This was a systematic review and meta-analysis evaluating the impact of embolic agent on outcomes of MMA embolization for chronic SDH, incorporating our institutional experience with Onyx and n-BCA. We found no difference in the recurrence rate (5.5% for PVA, 4.5% for n-BCA, and 6.5% for Onyx, with P=0.71) or need for surgical rescue (5.0% for PVA, 4.0% for n-BCA, and 6.9% for Onyx, with P=0.89) based on the embolic agent utilized. Similarly, procedural complications did not differ between embolic agents (1.8% for PVA, 3.6% for n-BCA, and 1.6% for Onyx, with P=0.48). PVA particles were the most reported embolic agent, though several recent publications reporting the use of Onyx suggests an increasing trend towards its utilization.

There is mounting evidence to support MMA embolization as a primary treatment for chronic subdural hematoma. Conventional surgical treatment of chronic subdural hematoma is heterogeneous and may utilize a variety of techniques including SEPS (Subdural Evacuating Port System) placement, craniotomy or burr hole with or without subdural or subgaleal drain placement. Regardless of technique, conventional surgery is associated with substantial recurrence rates ranging up to 37% [1,16,31,37]. MMA embolization for treatment of chronic subdural hematoma was first described by Mandai et al. in 2000. Since then, several studies have demonstrated its effectiveness at reducing hematoma recurrence and need for surgical rescue, while maintaining relatively low complication rates [5,14,18,22]. The present meta-analysis shows a 4.7% (CI: 3.4% to 6.0%) recurrence rate, 4.4% (CI: 3.1% to 5.6%) need for surgical rescue and a 1.9% (CI: 1.1% to 2.7%) complication rate associated with MMA embolization. As MMA embolization for treatment of chronic subdural hematoma remains in its infancy, there are several prospective randomized controlled trials ongoing to determine the ideal timing of MMA embolization in relationship to conventional surgical evacuation, the role of surgical adjunctive therapy, which embolic agents to use, the best techniques for embolization and the role of antiplatelet and anticoagulation therapy (NCT04270955, NCT04750200, NCT04742920, NCT04816591, NCT04372147, NCT04511572, NCT04402632, NCT04410146).

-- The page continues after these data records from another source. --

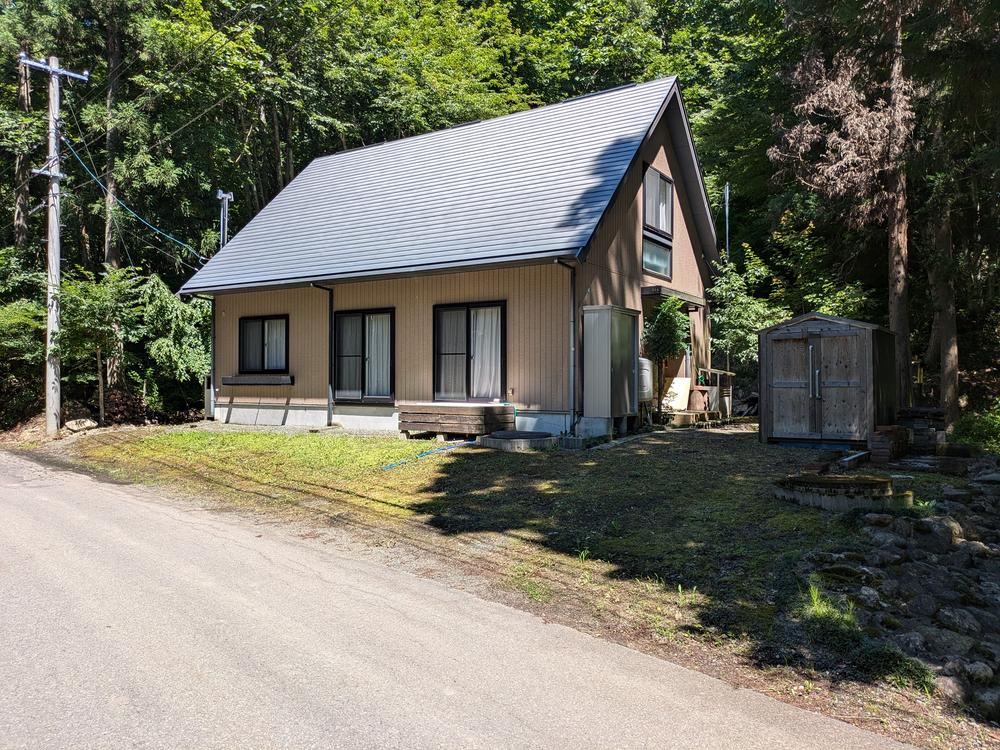 4LDK Home by Tohoku Misawa in Yonezawa - Photo 1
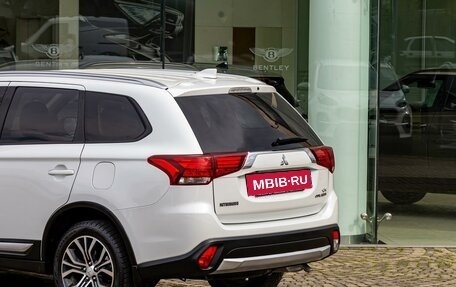Mitsubishi Outlander III рестайлинг 3, 2017 год, 1 795 000 рублей, 10 фотография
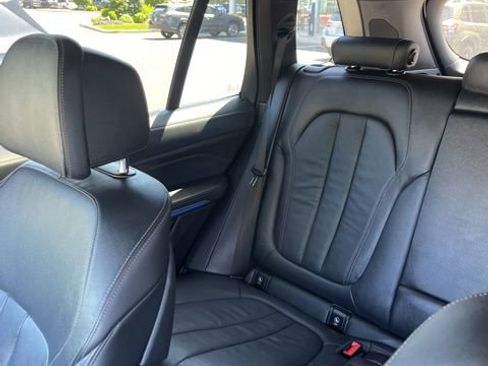 Used 2020 BMW X5 xDrive40i w/ M Sport Package AWD/4WD image 8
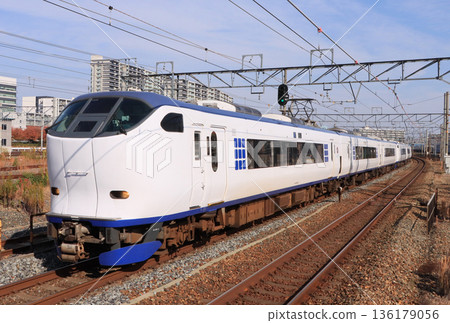 Limited express Haruka passing through Kishibe station Limited express Haruka passing through Kishibe station 136179056
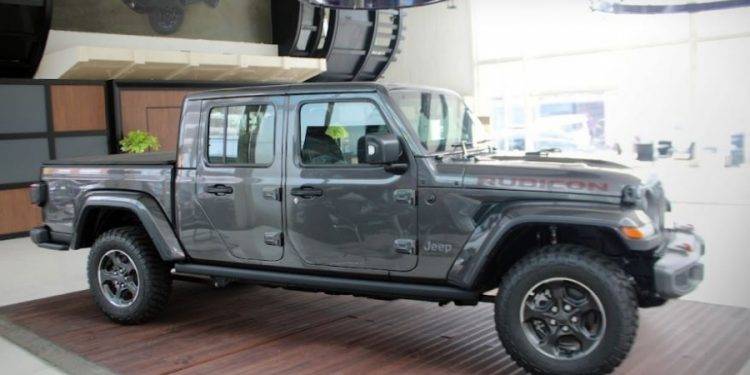 Simak Fitur dan Spesifikasi Terbaru Jeep Wrangler dan Gladiator Model 2021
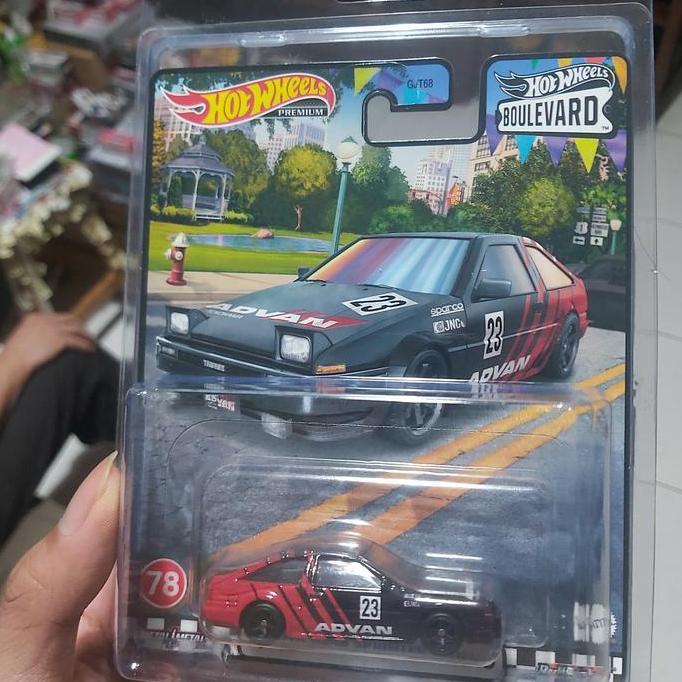 Hot Wheels Toyota Ae86 Sprinter Trueno Advan Boulevard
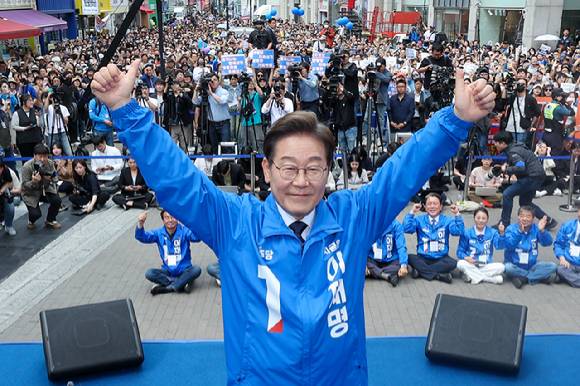 더불어민주당 이재명 대선 후보가 13일 '보수의 심장'이라고 불리는 대구광역시의 동성로 거리에서 열린 집중 유세에서 연설을 마친 뒤 두 팔을 번쩍 들어올리고 있다. 2025.5.13 [사진=연합뉴스]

Many of the early studies describing MMA embolization for the treatment of chronic subdural hematoma, used polyvinyl alcohol (PVA) particle embolization with or without coil embolization. The principle advantages of PVA particles are track record and cost. PVA particles were first used in 1974, come in a variety of sizes 45-1,180 μm, and function by aggregating and lodging distally within the vasculature [46]. While liquid embolic agents require distal penetration and mandate the use of separate microcatheters for each branch, PVA particles can be injected from a more proximal position and allow for microcatheter repositioning without the need for a new catheter. Avoiding distal MMA branch penetration may provide benefits in regard to overall risk profile. Additionally, use of large particles may prevent penetration of dangerous external-internal carotid artery anastomoses that are important for the neurointerventionalist to avoid. One downside is technical challenge: Particles are transported by anterograde blood flow and are not radio-opaque, making it difficult to determine the degree of distal penetration and proximal reflux after navigating a microcatheter through a tortuous middle meningeal artery. Particles are also known to reabsorb and degrade overtime, resulting in increased rates of recanalization and concerns about durability when compared to liquid embolic agents [7,44,48]. Despite this oft-voiced concern, there have been no reports of late SDH recurrence attributable to MMA recanalization after PVA embolization.

Ethylene vinyl alcohol copolymer (Onyx) is the least-studied liquid embolic agent in MMA embolization for SDH, but has some advantages in terms of ease of use. First, Onyx consists of ethylene vinyl alcohol prepared with the solvent dimethyl sulfoxide (DMSO) and tantalum powder and is straightforward to visualize with fluoroscopy. This improved visualization allows for more control and better precision when embolizing distal branches. Onyx is also nonadhesive, lowering the likelihood of catheter adherence seen with other liquid embolic agents. While PVA particles require blood flow for their delivery, Onyx can be pushed from a wedged position allowing for deep penetration into small distal branches of the MMA. This is generally thought to be advantageous, although care is necessary to avoid pushing Onyx into undesired territories. Onyx also results in a permanent cast which does not reabsorb and is therefore thought to have better durability.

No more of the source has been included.